5. Start with simple shapes
Square, rectangle, circle and triangle are the shapes you should start educating your children about. Once they know circles well, you can introduce other shapes like squares, rectangles, triangles and that of oval. Move on to more complex shapes such as pentagon later.
6. Add shapes to form new ones
Once they understand the basic 2D shapes, you may show them how a pencil has two 2D shapes, one being a triangle and another being a long rectangle. It would be great if you can make them understand the concept of height, so that they can tell you how a water bottle can have a circle at each end, separated by a cylinder.
7. Trace articles to learn shapes
You can have 3D objects put on a blank sheet of paper and ask children to trace the outlines of the objects with a pencil. Start with coffee mugs and the pencil box. This is actually an advanced method of capturing 3D objects on a 2D plane. Your child will spot the differences in shapes quickly.
8. Find simple shapes in nature
What is the shape of a building? What are the shapes of food items?
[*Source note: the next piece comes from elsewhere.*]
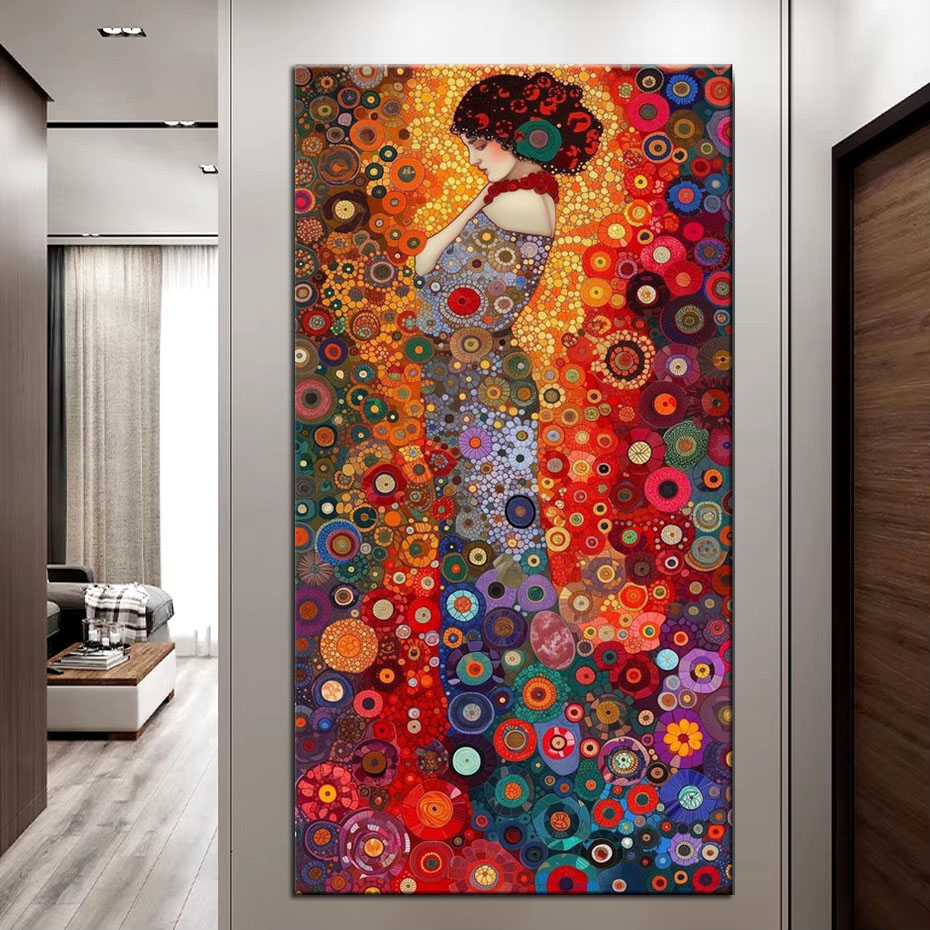 Gustav Klimt Woman Inspired 5D - Women Bags Europe 评论和价格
Keep asking your children similar questions and they will identify shapes with examples from nature faster.
9. Compare shapes of different objects
As you do with colours, test children’s learning by asking them to fetch the ‘square’ fruit or the ‘circular’ pencil. You’ll understand that they know their concepts if they correct you instantly or laugh at you for being ‘silly’.
10. Use building blocks to make new shapes
Building blocks are the most popular toys among children. They create skyscrapers, big trucks and what not. While they are playing, ask them to explain the shape of the truck or the different shapes of elements combining to make that castle.
How have you been teaching colours and shapes to your children? Would you recommend any other innovative ways to teach these concepts?